This story originally appeared on the website of CBS affiliate WWL-TV in New Orleans. It was reported by Maya Rodriguez
It's been a rough summer in some of the waters around Plaquemines Parish in Lousiana - first, hit by the oil spill, and now, hit with fish kills .
"This is an extremely large fish kill, and there are many species in there," said Plaquemines Parish President Billy Nungesser. "It's not just one group of fish-- it's redfish and trout and flounder. All species have been identified in this fish kill."
Plaquemines Parish officials spotted a massive fish kill on Friday. Hundreds of thousands of dead fish were floating west of the Mississippi River, in Bayou Chaland. It came several days after the discovery of starfish kill in nearby Barataria Bay.
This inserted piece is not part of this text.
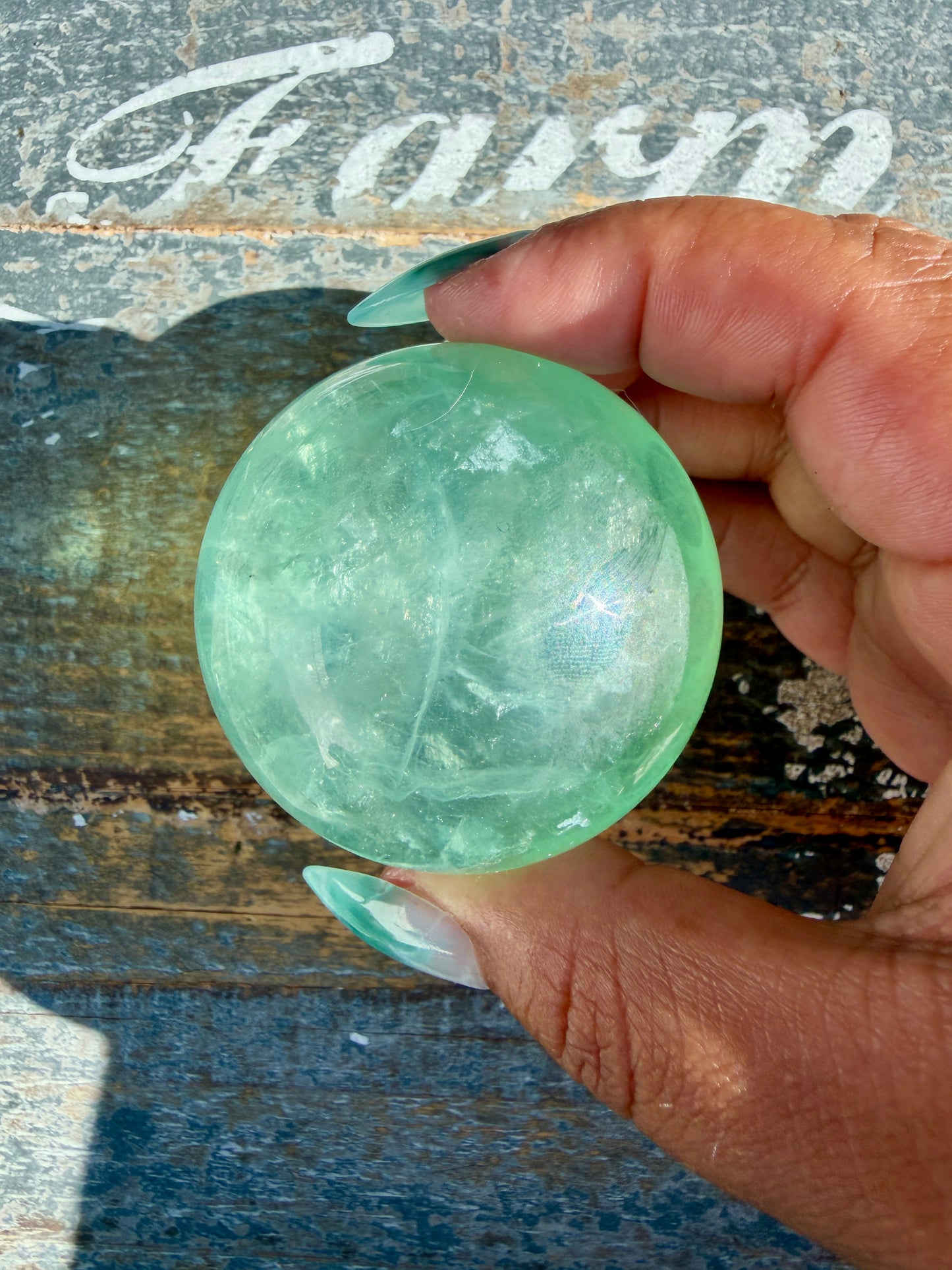 Gorgeous Stormy Water Fluorite Sphere | Opt 27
Then, on Monday, came the discovery of a dead baby whale near Venice.
Whether any of those incidents are related to the oil spill remains a big question. Some local officials believe more testing could provide an answer.
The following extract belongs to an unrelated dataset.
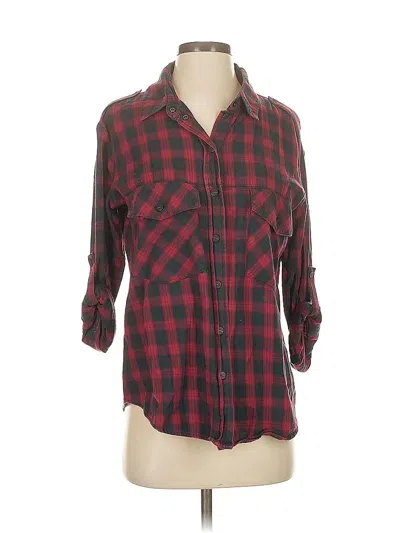 Pre-owned Sanctuary 3/4 Sleeve Button Down Shirt In Red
Special Section: Disaster in the Gulf
"We're talking about long-term testing of the quality of the water, the fish, and the environment," Nungesser said. "And we don't see a collective group really wanting to know what's going on. And we need to demand that happens."
The Louisiana Department of Wildlife and Fisheries sent biologists to Friday's fish kill to try and determine what may have caused it.
They declined to do an on-camera interview, but sent a statement to Eyewitness News about their findings.
"It was the result of low levels of dissolved oxygen," said Wildlife and Fisheries spokesperson Olivia Watkins. "This particular body of water becomes isolated during periods of low tide.... low tide kept the fish trapped in the body of water without access to the Gulf, limiting the available dissolved oxygen and killing the fish."
Still, concerns abound, not just about oil, but also about what impact oil spill dispersants, like Corexit, may have had on the environment. Nearly 2 million gallons of it were sprayed over the Gulf and underwater at the site of the broken wellhead.
"Here we are, trying to get our fishing back, trying to get our seafood back and with these kind of fish kills, it will going to have a lasting effect, if we don't do something about it," Nungesser said.